## Task prompt:
Begin your copy at the line that holds "by Susanna Phillips" and carry it through the final line of the data, writing out each line exactly and omitting pictures.

## Stored data:
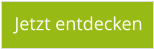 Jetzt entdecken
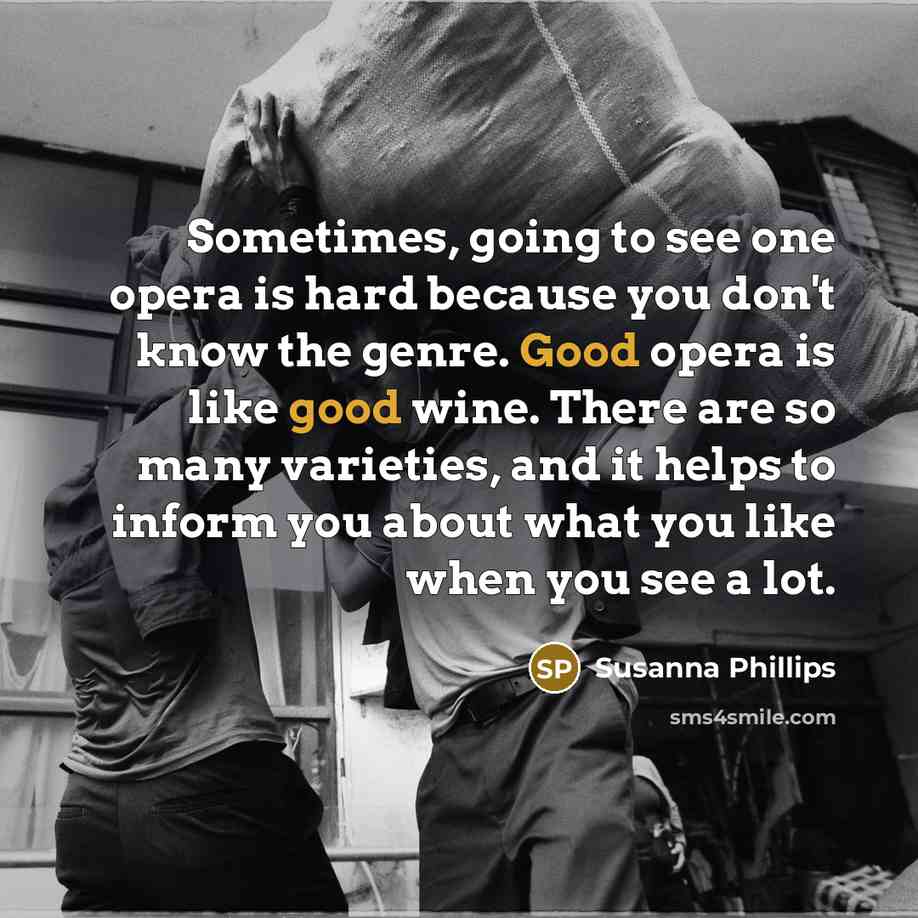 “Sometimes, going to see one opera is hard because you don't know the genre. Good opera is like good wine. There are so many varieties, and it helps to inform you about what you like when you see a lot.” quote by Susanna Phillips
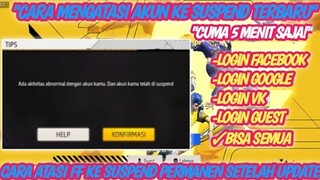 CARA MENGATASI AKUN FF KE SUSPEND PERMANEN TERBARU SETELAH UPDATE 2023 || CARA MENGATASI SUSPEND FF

## Result of this task:
 “Sometimes, going to see one opera is hard because you don't know the genre. Good opera is like good wine. There are so many varieties, and it helps to inform you about what you like when you see a lot.” quote by Susanna Phillips
 CARA MENGATASI AKUN FF KE SUSPEND PERMANEN TERBARU SETELAH UPDATE 2023 || CARA MENGATASI SUSPEND FF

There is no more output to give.